Si, en soi, l’abandon de la constitutionnalisation de l’état d’urgence et la déchéance de nationalité est une bonne nouvelle, le mal est déjà fait notamment en ce qui concerne la stigmatisation des étrangers, notamment des musulmans tandis que les déclarations de Hollande en matière sécuritaire soulignent l’importance de continuer la bataille. En effet, l’état d’urgence est toujours en vigueur et la militarisation de l’espace public toujours d’actualité. De plus, les exemples de violences policières en ce début de mobilisation contre la loi El Khomri rappellent avec force que ce couac politique, s’il aura des conséquences, ne règle en rien les questions répressives qui touchent les masses populaires et les personnes mobilisées dans la phase de lutte des classes qui s’ouvre.
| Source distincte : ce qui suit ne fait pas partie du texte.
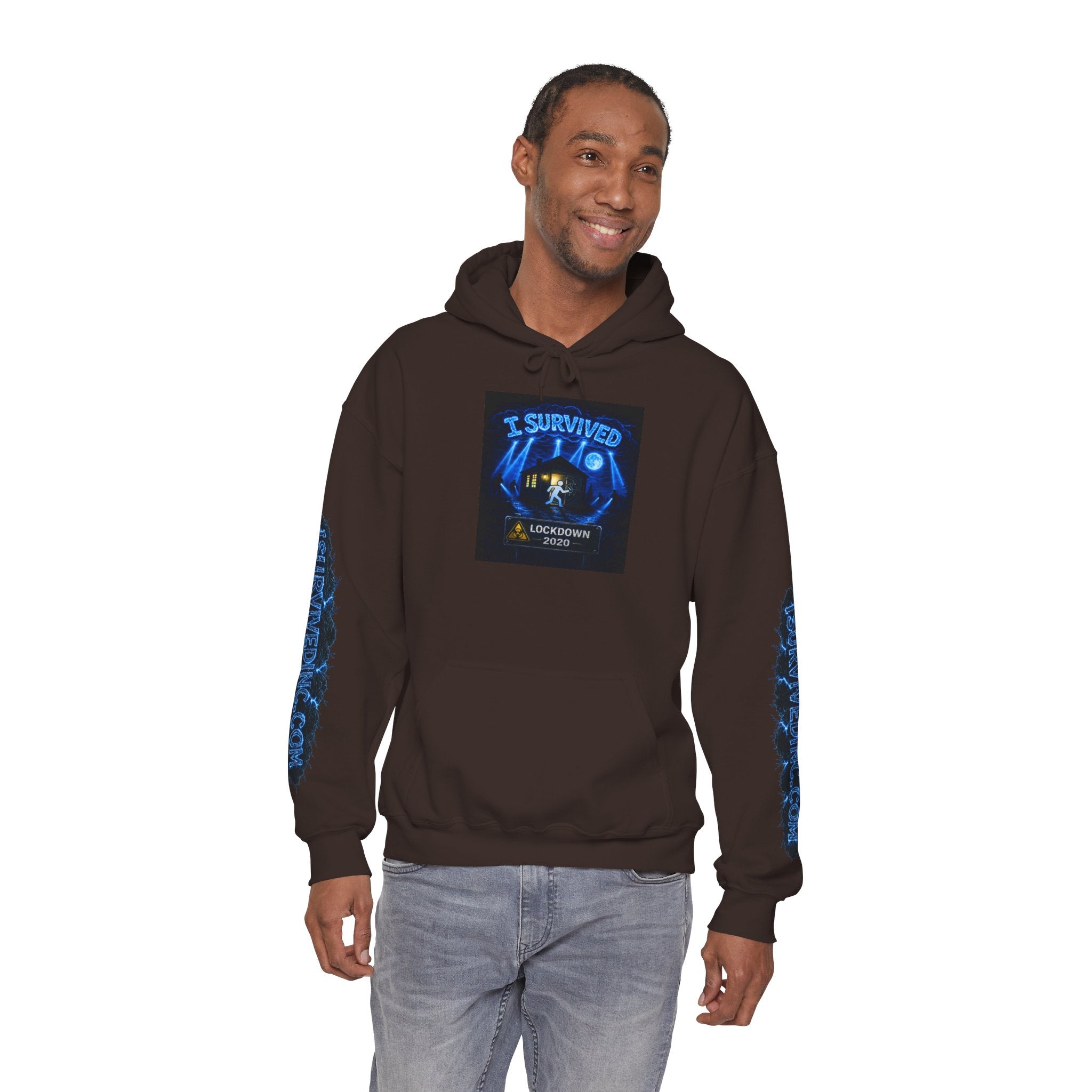 I Survived 2020 — S3:E4 "Working From Home" | Mid-Season Finale Pt. 1 | Lockdown Edition Documentary Hoodie Sweatshirt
Néanmoins, il est incontestable qu’après cette gifle politique, Hollande et son gouvernement sont plus affaiblis que jamais. En effet, avec ces renversements de situations et ses paradoxes, la période de 4 mois qui vient de s’écouler à ébranler, a fissuré, la base sociale politique même de François Hollande. Et ce qui est sûr, c’est que cette reculade n’est pas forcément du goût de tous. Pire pour Hollande, la loi El Khomri, sa philosophie du « licencier pour embaucher », et la mise à l’écart - bien que ce « bug » ait été rapidement corrigé ... - de la CFDT dans le processus a ajouté de l’instabilité à l’instable. Une journée réussie ce jeudi, qui pourrait aboutir au retrait de la loi travail, hante les cauchemars de l’exécutif qui se verrait infligé une nouvelle défaite cinglante.